I have been trying to transpose my FinalReport table of 2000000+ rows and 300+ columns on a cluster, but it seems that my Python script is getting killed due to lack of memory. I would just like to know if anyone has any suggestions on a more efficient way to store my table data other than using the array, as shown in my code below?
import sys
Seperator = "\t"
m = []
f = open(sys.argv[1], 'r')
data = f.read()
lines = data.split("\n")[:-1]
for line in lines:
m.append(line.strip().split("\t"))
for i in zip(*m):
for j in range(len(i)):
if j != len(i):
print(i[j] +Seperator)
else:
print(i[j])
print ("\n")
I'm not able to finishing storing the entire array, it always gets killed towards the end of the 'm.append' step.
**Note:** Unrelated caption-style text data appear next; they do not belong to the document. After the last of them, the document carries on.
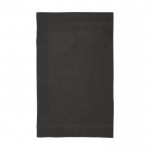 Handtuch 100x180 cm aus Baumwolle 450 g/m2 Farbe Dunkelgrau zweite Vorderansicht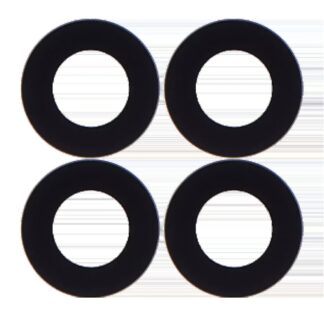 Rückkamera-Glas (nur Glas) mit Klebefolie für Motorola One 5G (XT2075-1 / 2020) (4-teiliges Set) (10er-Pack)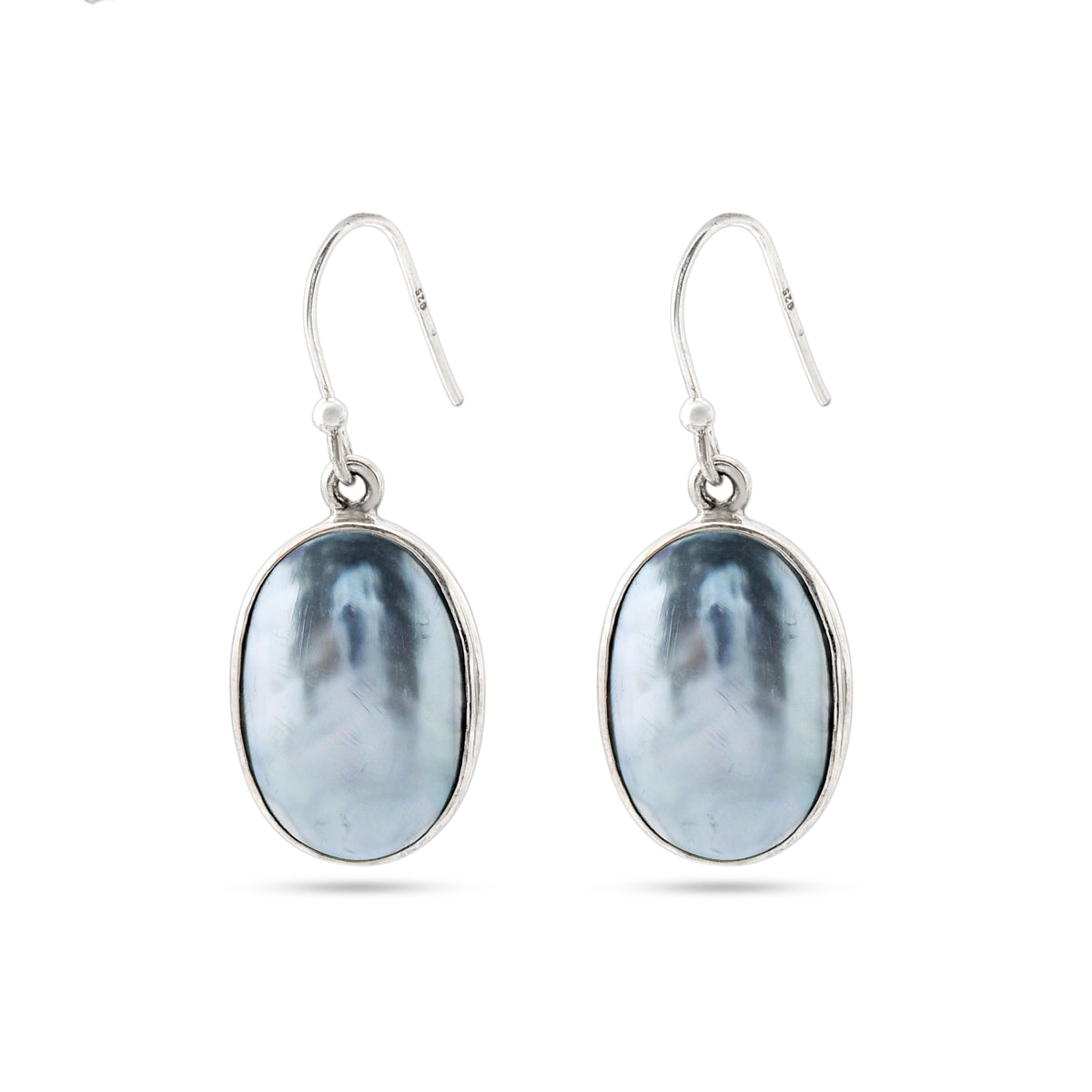 Grey Mist Earrings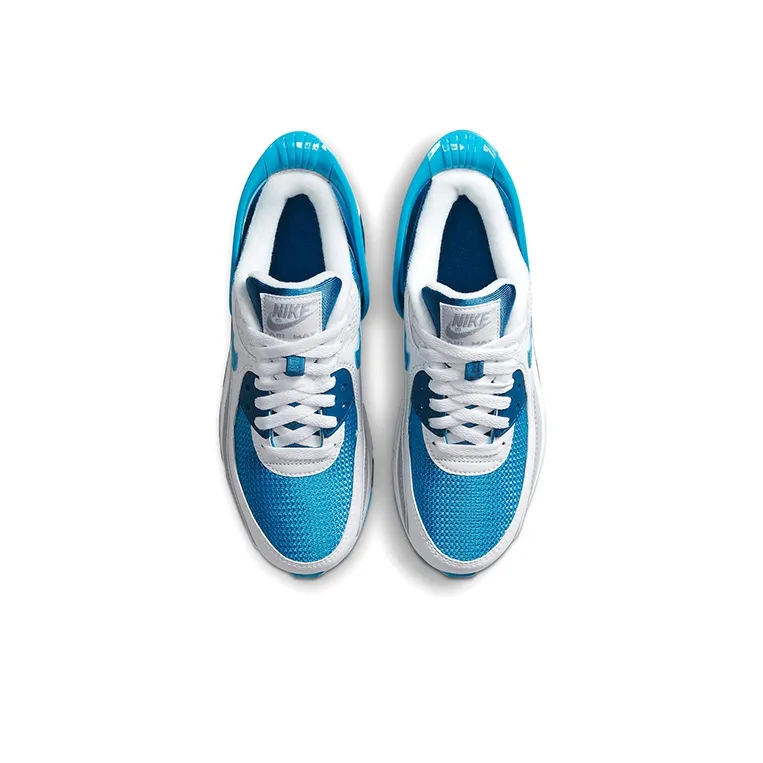 Nike Air Max 90 Flyease Laser Blue GS-3
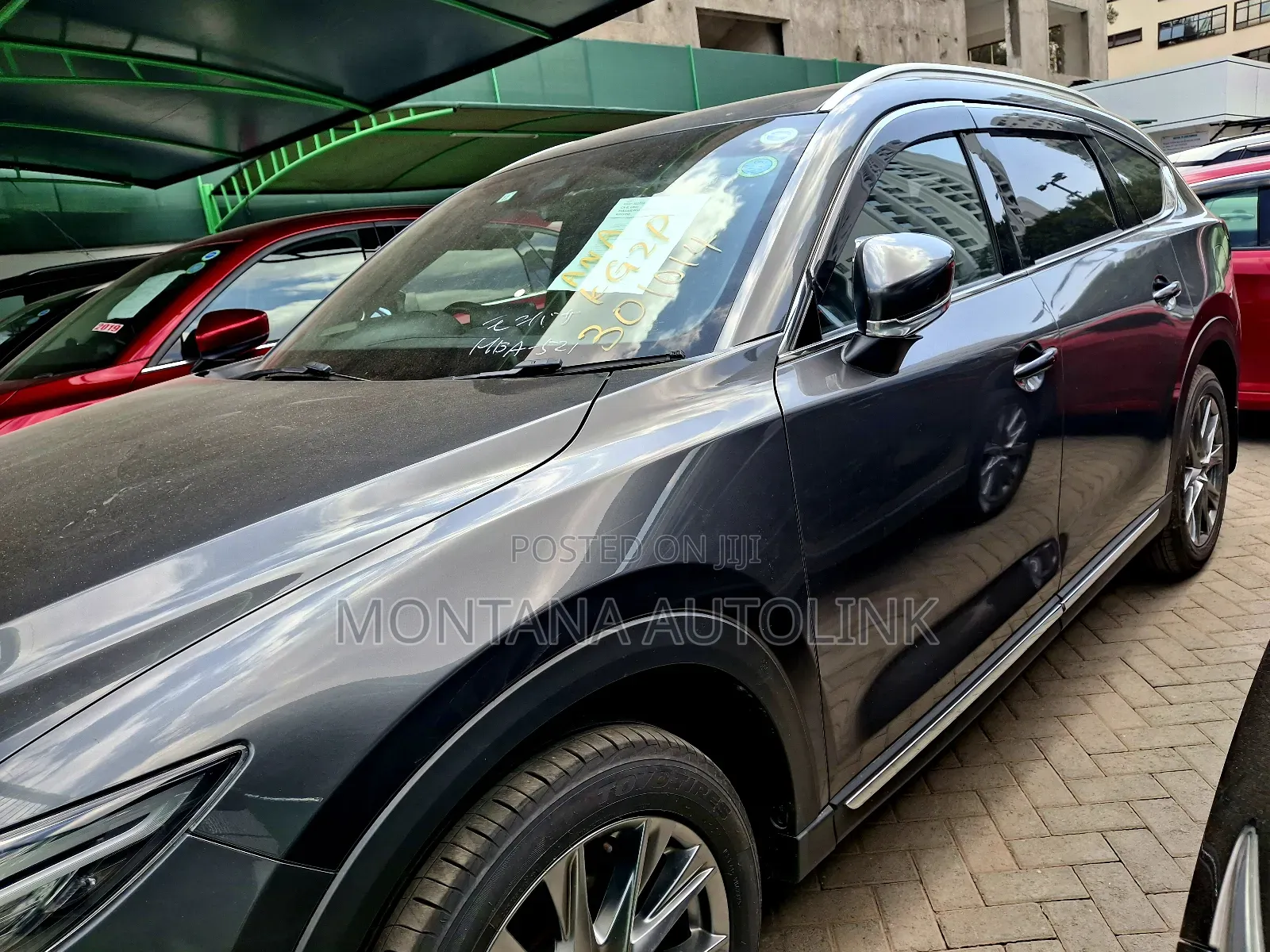 Mazda CX-8 2.2 FWD (6 seater) 2019 Gray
Out of the 2379856 lines, the furthest I've gotten is 2321894 lines. I got the numbers by printing a number count after the append line.
Thanks very much in advance!
Do you need to store it in memory? Can you not use the transpose function in numpy (assuming you're using numpy)?
Oh, I'm not using numpy because my data is alphanumerical.
It's still faster and more memory efficient in numpy. Alternatively, if the file is much larger than the RAM you have available, do multiple passes over the file so you just process a column (or a few) at a time.
Have you tried CSVTK's transpose (here)? The tools is working well on my tables, but these aren't that big.